Mobiltelefone werden Verstorbenen häufig als Sargbeigabe mitgegeben. Das Handy im Sarg hat aber nicht den Zweck einer modernen Sargglocke zur Rettung von Scheintoten, sondern es ist ein Ausdruck des „In-Verbindung-Bleibens“ mit dem verstorbenen Menschen.

Die Angst vor dem Scheintod gibt es in der heutigen Bevölkerung allerdings tatsächlich noch, sie ist jedoch gänzlich unbegründet: Das moderne medizinische Knowhow im Zusammenwirken mit unserem Sprengelarzt-System verhindern es, dass Menschen zu früh zur Bestattung freigegeben werden.

Wenn ein Mensch verstorben ist, muss umgehend auch der Sprengelarzt verständigt werden und zwar auch dann, wenn ein Notarzt die Reanimationsmaßnahmen abbricht und den Tod feststellt. Der Sprengelarzt ist Kontrollorgan und hat die Aufgabe durch die Totenbeschau noch einmal zu überprüfen, ob der Tod sicher eingetreten ist und den Tod amtlich zu bescheinigen. Er gibt den Verstorbenen dann entweder zur Bestattung frei oder veranlasst – wenn erforderlich – eine Obduktion.

 

SprengelärztInnen kommen in der Regel erst einige Stunden nachdem sie verständigt wurden, da die sogenannten sicheren Todeszeichen erst zeitverzögert nach dem Versterben eintreten. Für die sichere Feststellung des Todes muss mindestens ein sicheres Todeszeichen vorhanden sein. Sichere Todeszeichen sind Leichenstarre, Leichenflecken, Fäulnis oder mit dem Leben nicht vereinbare Verletzungen. Kälte, fehlende Atmung, fehlender Puls, Blässe, fehlende Reflexe etc. sind übrigens keine sicheren Todeszeichen!
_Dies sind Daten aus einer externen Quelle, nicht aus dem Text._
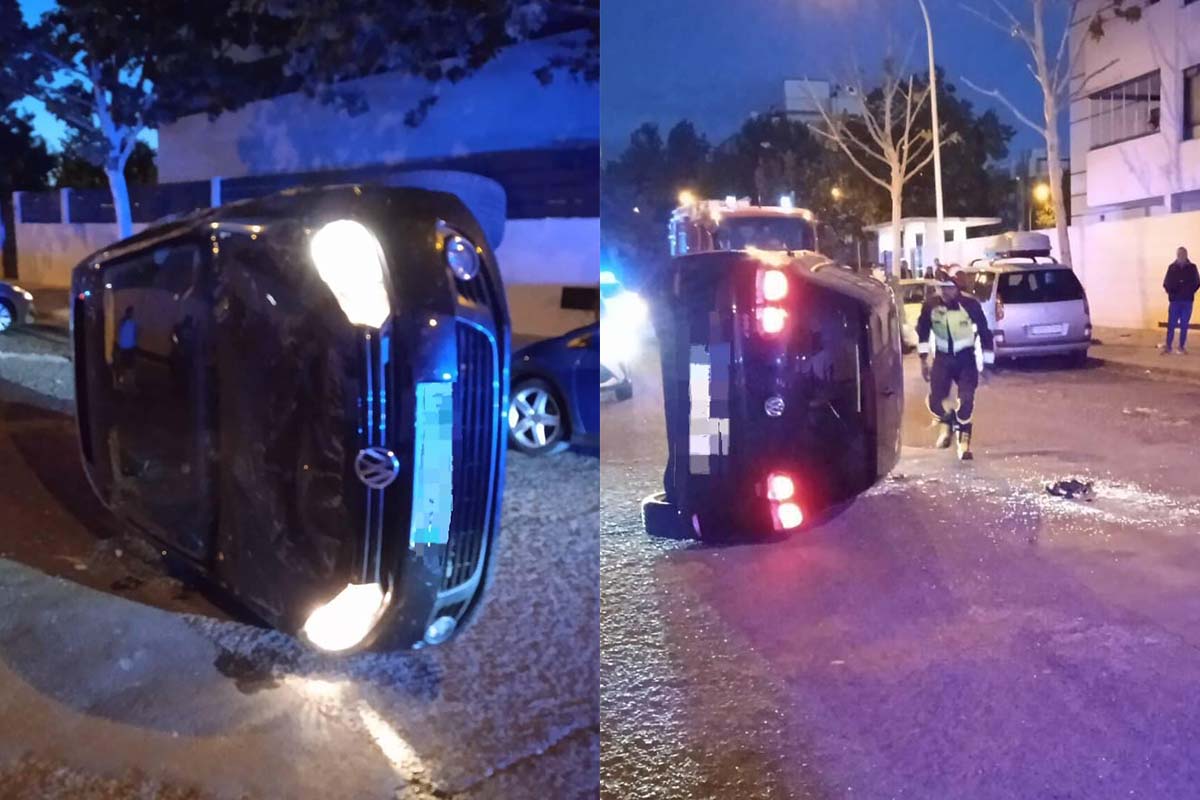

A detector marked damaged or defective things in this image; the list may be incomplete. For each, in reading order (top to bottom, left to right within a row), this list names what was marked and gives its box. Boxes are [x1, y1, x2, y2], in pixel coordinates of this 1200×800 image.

Auch unsere BestatterInnen werden ausgebildet, die sicheren Todeszeichen zu erkennen und sind während der Tätigkeit des Einbettens in den Sarg angehalten, sich vom Vorhandensein dieser sicheren Todeszeichen zu überzeugen. Weiters sind BestatterInnen verpflichtet, jegliche Auffälligkeiten umgehend an die entsprechenden Stellen zu melden.